Le processus électoral, qui a commencé par les législatives et qui doit s’achever par le scrutin de dimanche prochain, a montré un certain nombre de paradoxes en Tunisie. Outre l’affaiblissement d’Ennahda, ce processus a consacré l’ascension d’Essebsi et de son parti. Paradoxe car les jeunes, qui représentent près de 60 % de la population et qui ont essentiellement mené la révolution de 2011, ont choisi M. Essebsi, âgé de 88 ans et considéré comme un symbole de l’ancien régime, voire de l’époque de l’ancien président, Habib Bourguiba. Et M. Essebsi ne cache pas que Bourguiba reste pour lui un symbole et un modèle, celui du « père » de tous les Tunisiens. Or, tenter de faire revivre un tel modèle est loin d’être réaliste. Malgré tout cela, le candidat de Nidaa Tounès reste le favori. Le premier et principal point en sa faveur est la piètre expérience de la Troïka. Mené par Ennahda, le gouvernement de la Troïka a dirigé la Tunisie pendant près de deux ans et s’est attiré le mécontentement d’une large frange de la société.
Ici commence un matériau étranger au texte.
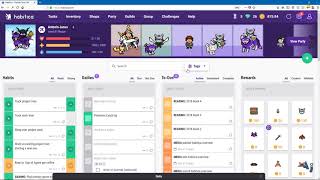 My Habitica Setup 2018 [upl. by Yanaton63]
Ainsi, le paysage politique tunisien est devenu marqué par une bipolarisation que de nombreux Tunisiens voient d’un mauvais oeil. En effet, c’est cette bipolarisation qui a poussé nombre de Tunisiens à s’abstenir lors du premier tour. Une abstention à prévoir aussi lors du scrutin de dimanche prochain. Nombreux sont les Tunisiens qui voient en cette bipolarisation un choix entre le symbole du retour de l’ancien régime et celui de ceux qui ont trahi la révolution, à savoir les islamistes qui avaient obtenu la majorité lors de l’élection de l’Assemblée constituante à la suite de la révolution de 2011 et qui n’ont réalisé aucun des objectifs de cette révolution. Un discours que les deux hommes eux-mêmes n’hésitent pas à avoir. S’accusant mutuellement de diviser la population tunisienne, ils ne cachent pas leur animosité l’un envers l’autre. Pour M. Marzouki, son concurrent est un représentant de l’ancien régime. Pour M. Caïd Essebsi, le président sortant est notamment le candidat des salafistes djihadistes.